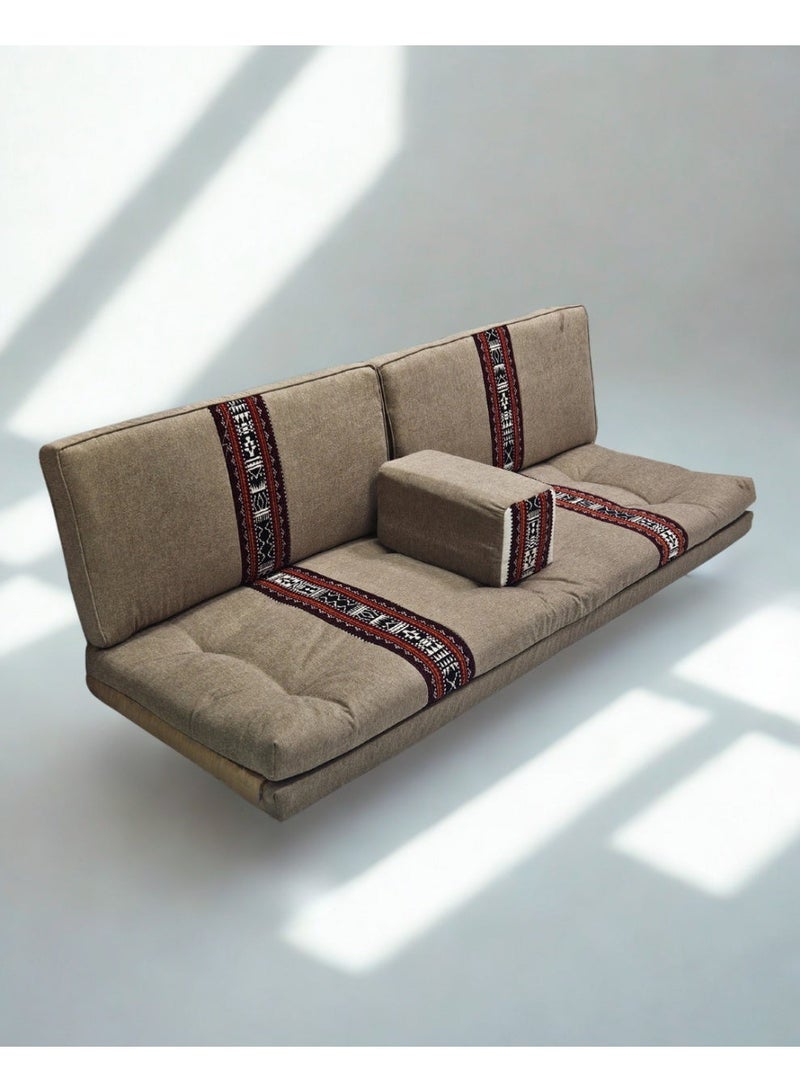 SMART HOME Traditional Arabic Floor Seating Set for 4 People (4 Pieces, 70 cm L x 200 cm W x 60 cm H) – Comfortable Arabic Majlis Furniture with Ornate Armrest and Backrest – Floor Seating for Home, Guests, Camps, and Trips , A seating area suitable for 4 people - Image 2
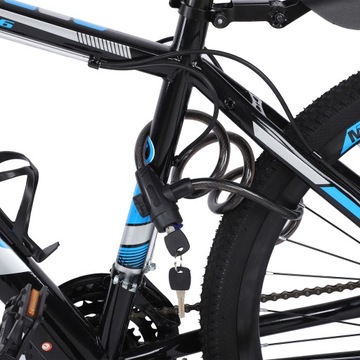 Rowerowa blokada antykradzieżowa ze spiralną stalową linką. Blokada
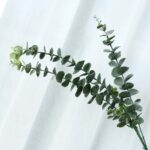 Branch of artificial eucalyptus greenery, perfect for faux wedding flowers decor.
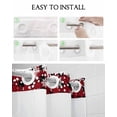 thumbnail image 5 of No Hook Shower Curtain with Snap in Liner, Christmas White Snowflake Snow On Black and Red Plaid Hotel Shower Curtains for Bathroom, Washable Shower Curtain Liner Set with Mesh Top Window, 54"x78", 5 of 6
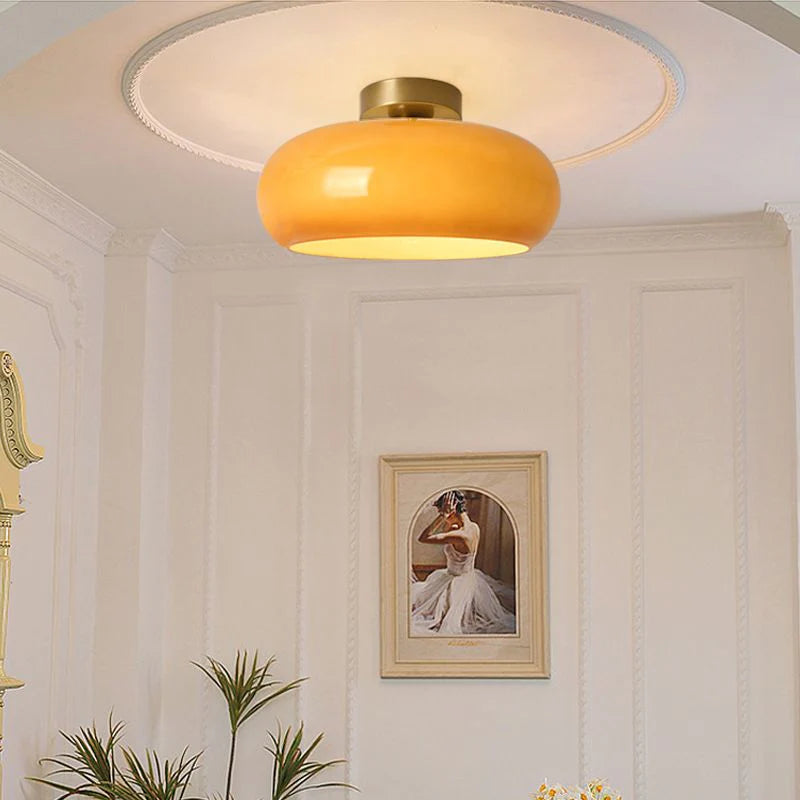 Amber Glass Globe Ceiling Light 11 Inch Dome Shade for Kitchen Island Dining Table Bedroom Brass Iron Fixture E27 Socket | Thomler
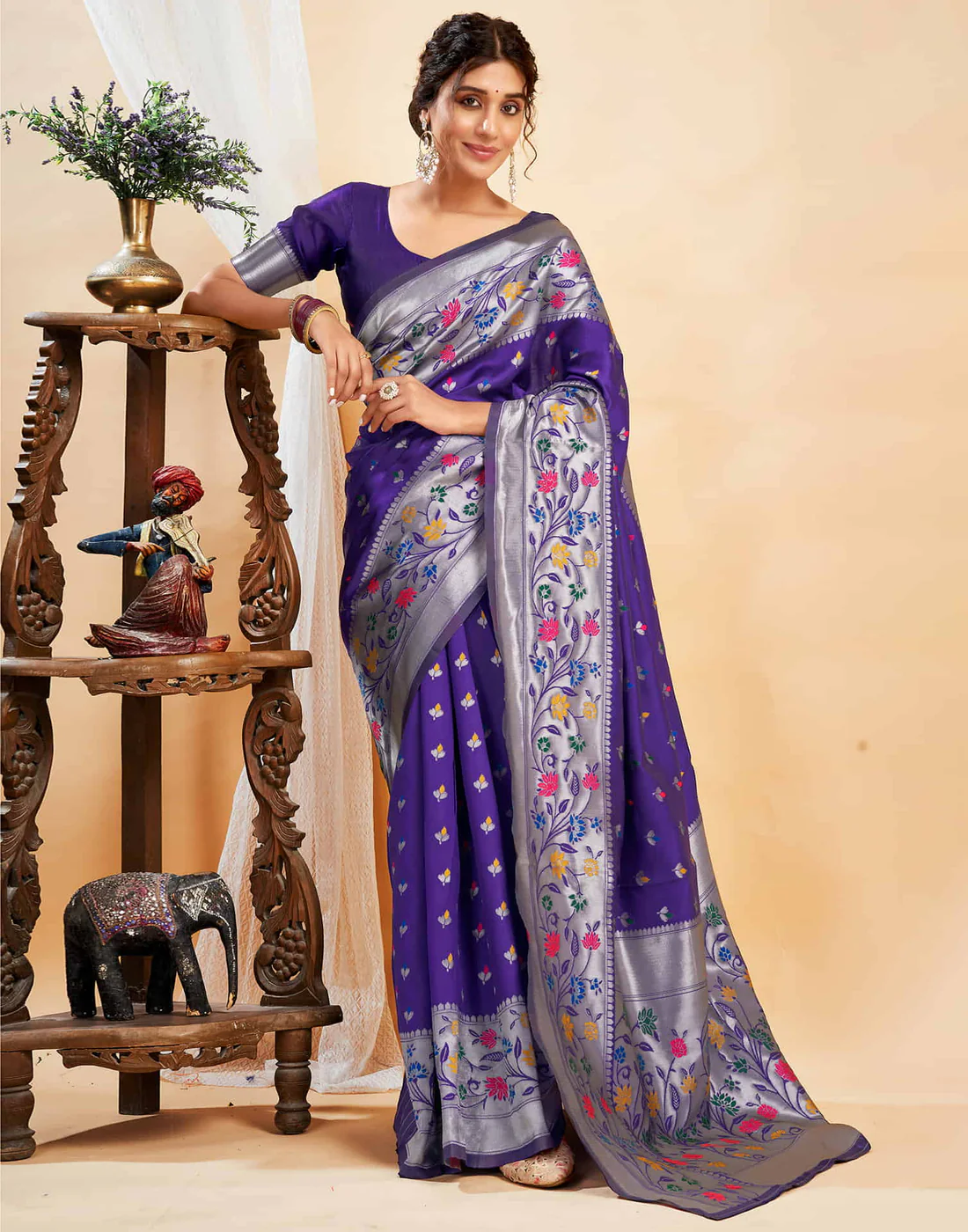 Mysaree Jacquard Saree — Violet Bloom Elegance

········

INSTRUCTIONS TO FOLLOW:
From the line containing "Amber Glass Globe" to the last line of the listing above, transcribe each line exactly, skipping the pictures.

REPLY TO THE EXERCISE:
 Amber Glass Globe Ceiling Light 11 Inch Dome Shade for Kitchen Island Dining Table Bedroom Brass Iron Fixture E27 Socket | Thomler
 Mysaree Jacquard Saree — Violet Bloom Elegance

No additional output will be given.